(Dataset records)

=== Begin Enclosure ===

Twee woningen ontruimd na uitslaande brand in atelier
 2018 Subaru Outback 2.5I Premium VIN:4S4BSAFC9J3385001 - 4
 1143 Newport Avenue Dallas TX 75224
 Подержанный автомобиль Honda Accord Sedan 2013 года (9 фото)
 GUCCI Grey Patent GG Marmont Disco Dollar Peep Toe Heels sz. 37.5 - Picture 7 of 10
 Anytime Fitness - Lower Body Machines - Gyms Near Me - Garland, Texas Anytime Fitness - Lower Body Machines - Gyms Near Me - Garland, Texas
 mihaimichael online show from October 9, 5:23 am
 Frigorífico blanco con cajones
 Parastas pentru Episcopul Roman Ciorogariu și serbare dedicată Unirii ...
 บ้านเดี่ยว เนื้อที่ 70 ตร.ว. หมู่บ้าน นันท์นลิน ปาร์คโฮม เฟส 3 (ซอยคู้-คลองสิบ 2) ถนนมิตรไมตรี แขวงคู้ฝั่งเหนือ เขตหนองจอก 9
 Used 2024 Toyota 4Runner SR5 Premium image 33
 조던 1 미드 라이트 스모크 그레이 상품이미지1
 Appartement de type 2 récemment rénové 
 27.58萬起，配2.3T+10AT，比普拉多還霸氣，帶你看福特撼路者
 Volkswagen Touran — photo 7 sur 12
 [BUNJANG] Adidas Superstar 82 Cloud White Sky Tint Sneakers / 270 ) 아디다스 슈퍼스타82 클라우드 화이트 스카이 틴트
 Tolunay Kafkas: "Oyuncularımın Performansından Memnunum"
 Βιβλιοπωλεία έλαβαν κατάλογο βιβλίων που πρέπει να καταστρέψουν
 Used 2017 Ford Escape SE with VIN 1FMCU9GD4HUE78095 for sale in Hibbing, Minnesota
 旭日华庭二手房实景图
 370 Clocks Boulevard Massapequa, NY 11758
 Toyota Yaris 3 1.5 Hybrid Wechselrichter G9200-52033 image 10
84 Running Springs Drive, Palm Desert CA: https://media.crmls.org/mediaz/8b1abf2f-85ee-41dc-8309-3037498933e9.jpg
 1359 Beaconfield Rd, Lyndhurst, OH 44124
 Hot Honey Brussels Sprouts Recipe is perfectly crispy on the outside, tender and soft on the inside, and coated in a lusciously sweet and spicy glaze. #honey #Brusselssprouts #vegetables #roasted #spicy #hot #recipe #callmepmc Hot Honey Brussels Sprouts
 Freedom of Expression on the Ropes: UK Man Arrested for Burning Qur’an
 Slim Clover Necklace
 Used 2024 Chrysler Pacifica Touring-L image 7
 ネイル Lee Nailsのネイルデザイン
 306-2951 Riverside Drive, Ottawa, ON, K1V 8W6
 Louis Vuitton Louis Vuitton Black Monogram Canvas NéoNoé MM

=== End Enclosure ===

## Exercise goal
Gather up, from the records above, each line where the word "Premium" appears.

## Answer to the problem
 2018 Subaru Outback 2.5I Premium VIN:4S4BSAFC9J3385001 - 4
 Used 2024 Toyota 4Runner SR5 Premium image 33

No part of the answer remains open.